Speakers noted that hundreds of mass killings of four or more people have happened in the U.S. this year, but very few by Muslims.
Thirteen organizations joined with the United Muslims to hold the rally. In addition to Islamic entities, Bodies Before Borders, Multifaith Council of Northwest Ohio, Northwest Ohio Peace Coalition, and the Welcome Toledo-Lucas County government initiative showed support.
Among the 14 speakers were county commissioners, city council members, and Mayor Paula Hicks-Hudson. Participants not only called for an end to terrorism but advocated welcome for immigrants.
“It was so important for me to be here not only in the role as the mayor, but also as a person who believes that we have to be welcoming,” the mayor said. “It is not acceptable in the city of Toledo to turn our backs on those who come to us homeless, who come to us hungry, who come to us looking for shelter and peace. We cannot do that, and I will not stand here and say that that is something that is part of what I am and what this city is.”
Councilman-elect Peter Ujvagi spoke of being a refugee immigrant himself, and said, “There is no question that there is a crisis in the world, but the worst thing we can do as Americans, whether we’re Hungarian-Americans or Arab-Americans or Italian-Americans or African-Americans, or whoever we may be, is to turn our backs.”
“There are generations of relationships here in this town,” Lucas County Commissioner Pete Gerken said to acknowledge Dr. Rehman’s statement that Muslims began moving to Toledo about 100 years ago. “A few people cannot take that from us.”
Among attendees was Shane Lakatos of Toledo, a founder of Social Services for the Arab Community who was in Beirut Nov. 12 when a suicide bombing by Islamic State in Iraq and Syria affiliates killed 43 people and injured 239.
Maysoon Otaibi of Perrysburg and Amira Kadri of Oregon, meanwhile, held signs reading “No Glory in Innocent Death” and “Think Peace Choose Peace.”
“The world is so messed up, that violence,” Mrs. Otaibi said. “Every night I go to bed praying that it’s going to be a better day. And sometimes when I wake up I’m afraid to turn on the TV or the news.”

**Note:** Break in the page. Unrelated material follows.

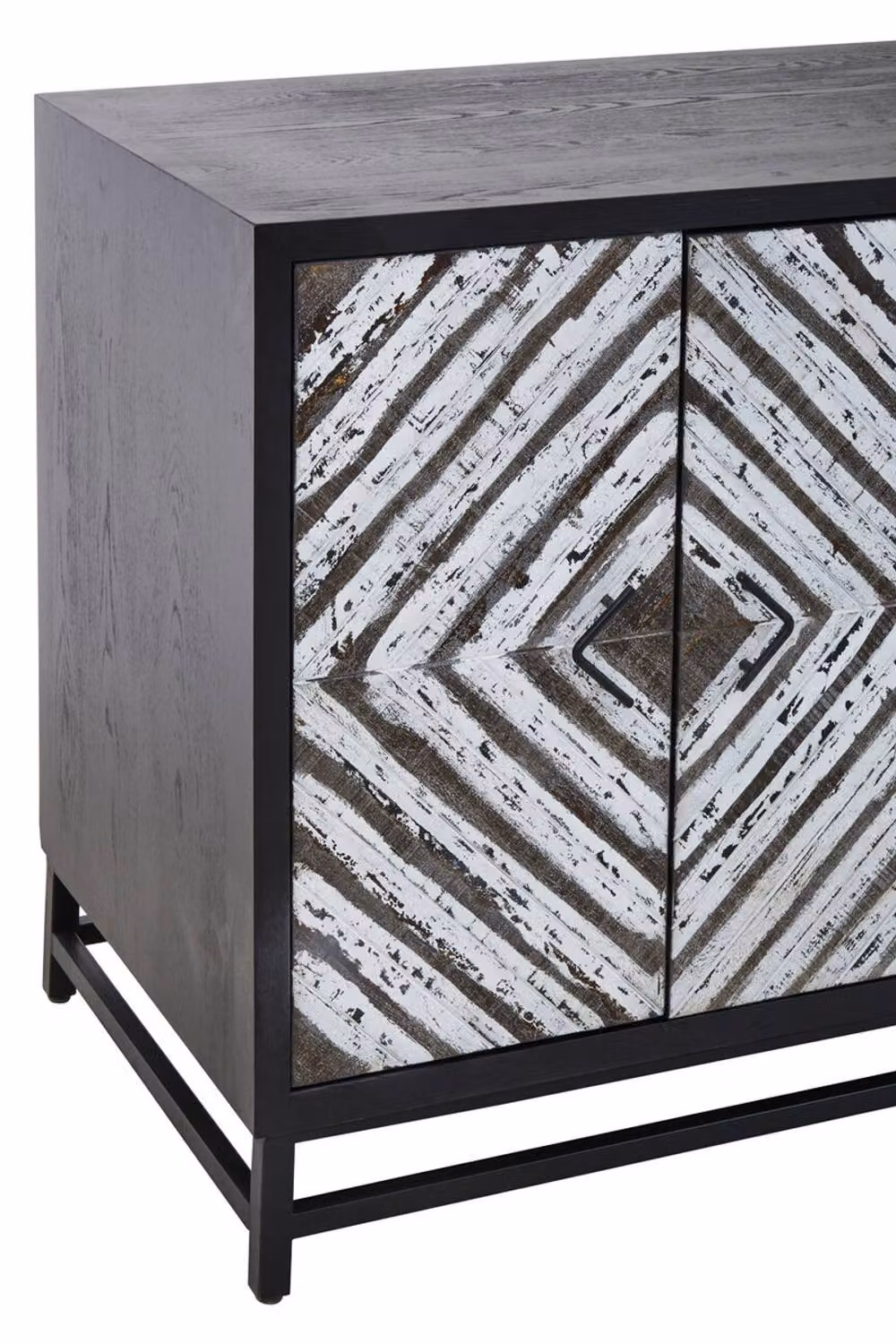 Orsina Modern Black Four Door Sideboard with Geometric Pattern and Internal Shelving – 5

Nadeem Salem, of the Network of Arab American Professionals-Toledo, said the rally could be the start of something bigger, perhaps a national rally in Washington — “a Million Muslim March but with all of our friends” from other faiths or no faith at all.
“Unfortunately, this stuff is happening so often and so much,” he said. “You’ve got to just stand up and proclaim as loud as you can that this is just not us; we’re against this. We’re against this with everybody else.”